Federal Reserve Chair Jerome Powell announced on Friday that the "time has come" to start reducing interest rates—a more dovish stance than many investors expected at the Fed’s annual conference in Jackson Hole, Wyoming. The process is likely to commence next month, with a 25 basis-point cut anticipated at the Fed’s monetary policy meeting on Sept. 17-18.
However, Powell's comments are not an all-clear signal. With the S&P 500 up 18% this year and equities richly valued, market participants need continued evidence that the economy is smoothly transitioning to a soft landing, characterized by resilient growth and cooling inflation.
"What the market wanted was to hear that the rate-cutting cycle is starting," said Alessio de Longis, senior portfolio manager and head of investments at Invesco Solutions. However, he added, “Is the Fed signaling concerns about the economy? If so, perhaps the excitement around the cutting cycle should be reconsidered."
Historically, stocks perform significantly better when rate cuts occur amid resilient growth rather than during sharp economic slowdowns. Since 1970, the S&P 500 has averaged an 18% gain one year after the first rate cut in non-recessionary periods, according to Evercore ISI strategists. In contrast, the index has averaged just a 2% gain in recession periods following the first cut.
Powell emphasized that the Fed neither sought nor welcomed further labor market cooling and aimed to prevent further erosion. Therefore, jobs will be in the spotlight when the U.S. publishes a closely watched employment report on Sept. 6, following weaker-than-expected labor market data earlier in August.
Other significant upcoming data includes two monthly inflation reports: the personal consumption expenditures price index on Aug. 30 and the consumer price index on Sept. 11.

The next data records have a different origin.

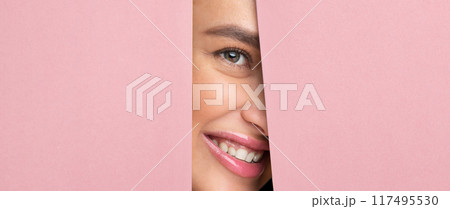Cheerful woman with her hair in a bun and wearing a white shirt is peeking out of a hole in a vibrant pink wall. Cheerful woman with her hair in a bun and wearing a white shirt is peeking out of a hole in a vibrant pink wall. 117495530
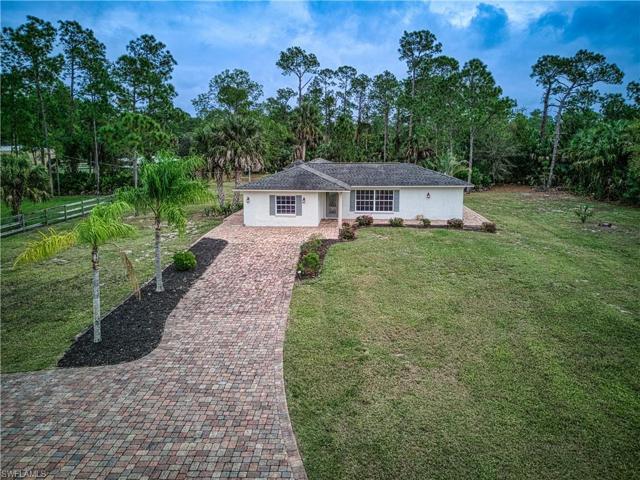 Front of home, brick paver driveway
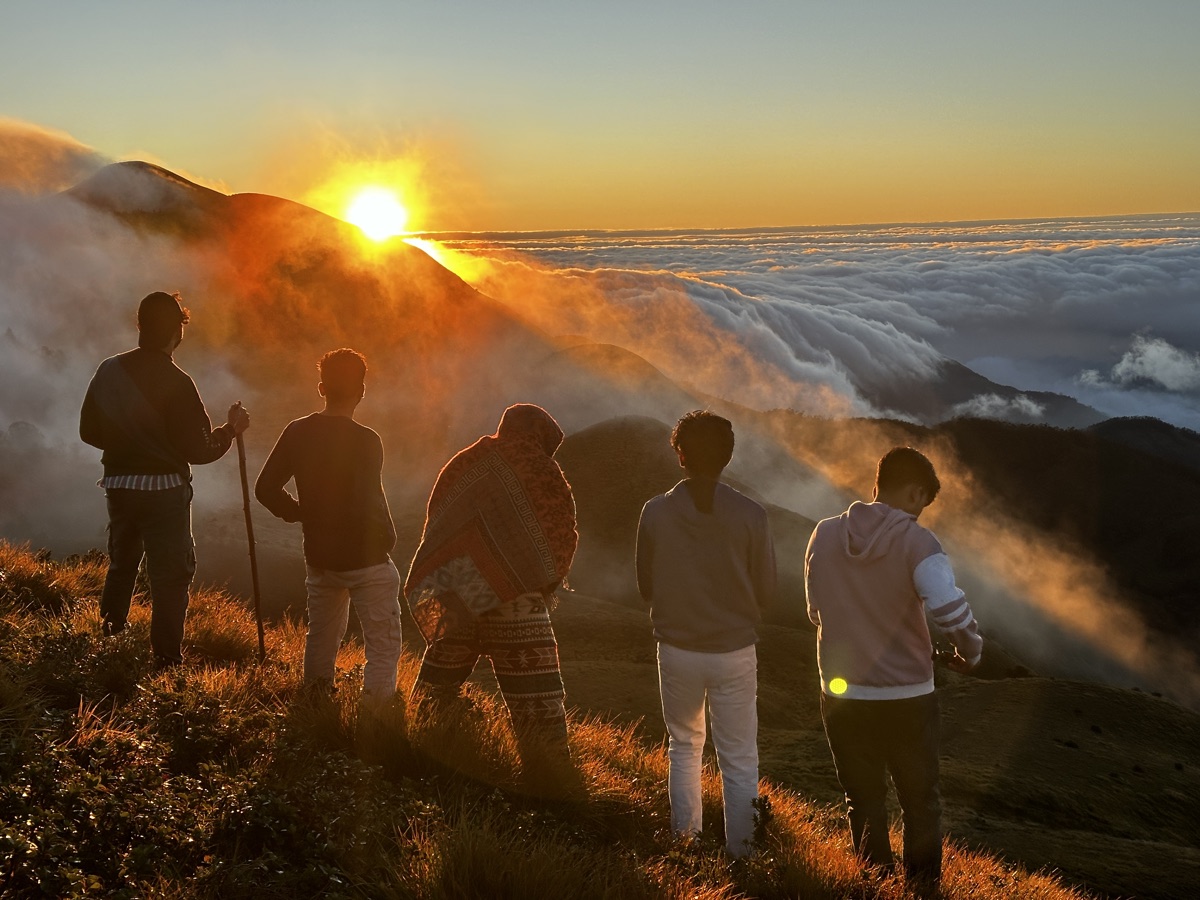 Sunbeams breaking over the ridge as trekkers watch the sunrise
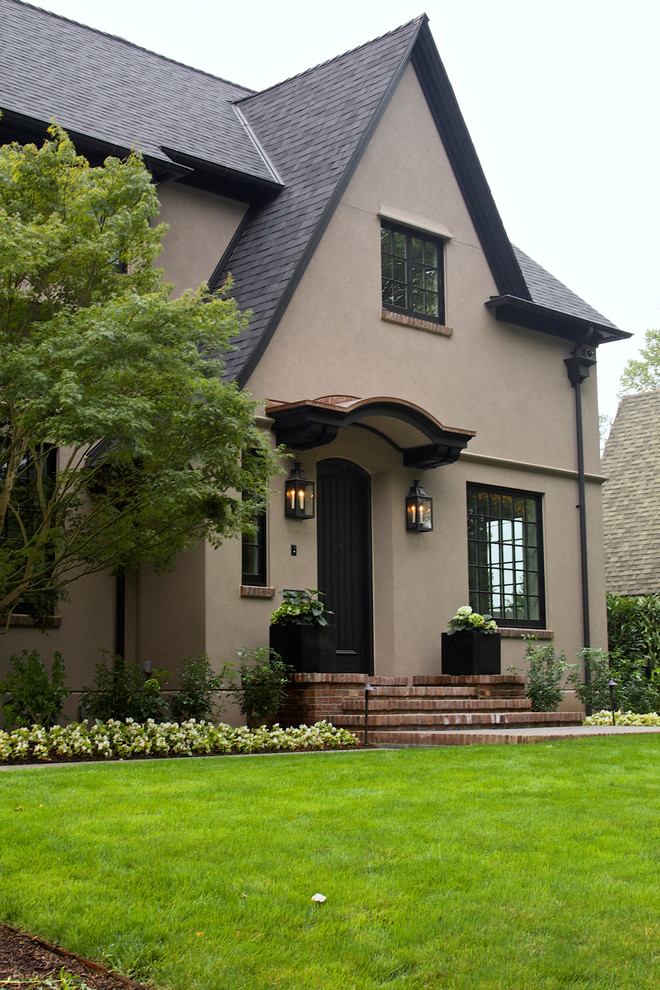 Inspiration for a large timeless beige two-story stucco gable roof remodel in Portland
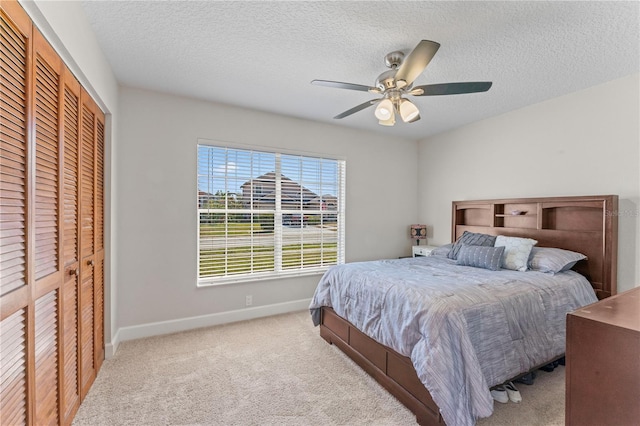 carpeted bedroom with a closet, a textured ceiling, baseboards, and a ceiling fan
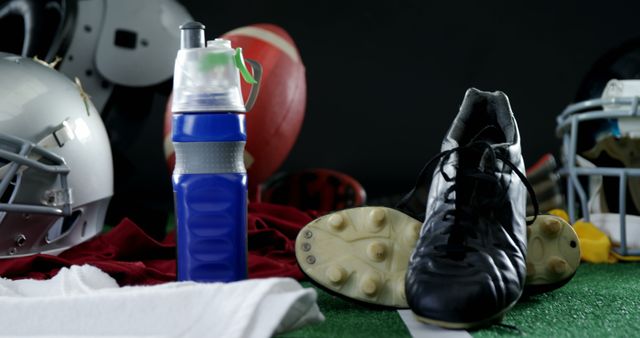 Various sports equipment on artificial turf against black background 4k
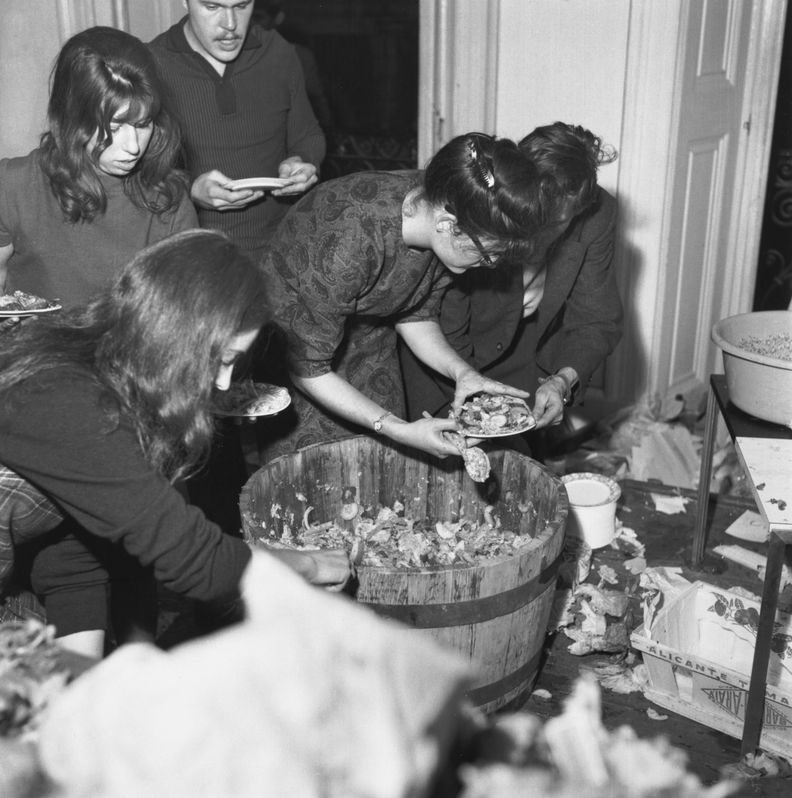 Square black and white photograph of five people indoors at top left filling plates from a large wooden bucket of salad at center.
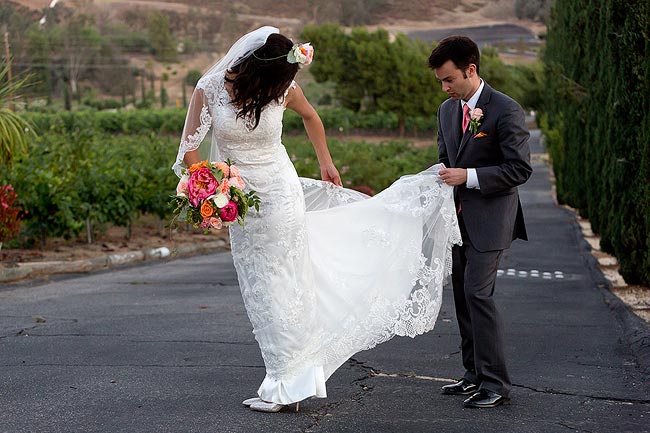 Groom checking the bride's wedding dress at a vinery in Temecula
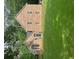 Charming brick two-story home with arched window and lush green lawn at 8035 Canter Ln, Alpharetta, GA 30009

If the economic data shows more signs of weakness, it could unsettle stocks and shift expectations towards a 50 basis-point cut next month. Futures data on Friday afternoon indicated a 35% likelihood of a 50-bp cut, up from 29% before Powell's speech, with the remaining expectations favoring a 25-bp cut.
"The Fed is easing even though the economy isn't particularly weak (and inflation remains above target), and it has the potential to ease substantially in response to any acute weakness," wrote Rick Rieder, BlackRock’s chief investment officer of global fixed income.
Quincy Krosby, chief global strategist at LPL Financial, noted that a critical factor for stocks is whether rate cuts are due to moderating inflation or a weakening labor market. "The market wants a rate-cutting cycle because inflation is coming down," Krosby said. "The question remains whether we will see further deterioration in the labor market."
Encouraging economic data could also bolster stocks during a period some expect to be turbulent. Historically, September is the weakest month for stock performance, with the S&P 500 averaging a 0.78% decline since World War Two, according to CFRA data.
Elevated stock valuations may also make investors less inclined to hold onto equities if bad news emerges. The forward price-to-earnings ratio for the S&P 500 is at 21, up from 19.6 in early August, according to LSEG Datastream. The index’s long-term average is 15.7.
A tight presidential race between Vice President Kamala Harris and former President Donald Trump is likely to add to market uncertainty leading up to the Nov. 5 election.
"The longer-term trends in stocks are rock-solid, and any weakness is an opportunity to add exposure," said Andre Bakhos, managing member at Ingenium Analytics LLC. In the shorter term, "we're going to experience choppy, erratic, volatile moves because no one really knows what will happen now that Powell has shown his hand."
Analysis for Everyone:
In simpler terms, the Federal Reserve (the central bank of the U.S.) is planning to lower interest rates, starting likely next month. This news has made many investors optimistic because lower interest rates usually make borrowing cheaper, which can boost economic activity and stock prices. However, it’s important to watch upcoming economic reports on jobs and inflation. If the economy shows signs of weakness, it could lead to bigger interest rate cuts, but it might also make stock prices more volatile. Overall, while there is potential for gains, the market could be unpredictable in the short term, especially with an upcoming presidential election adding to the uncertainty.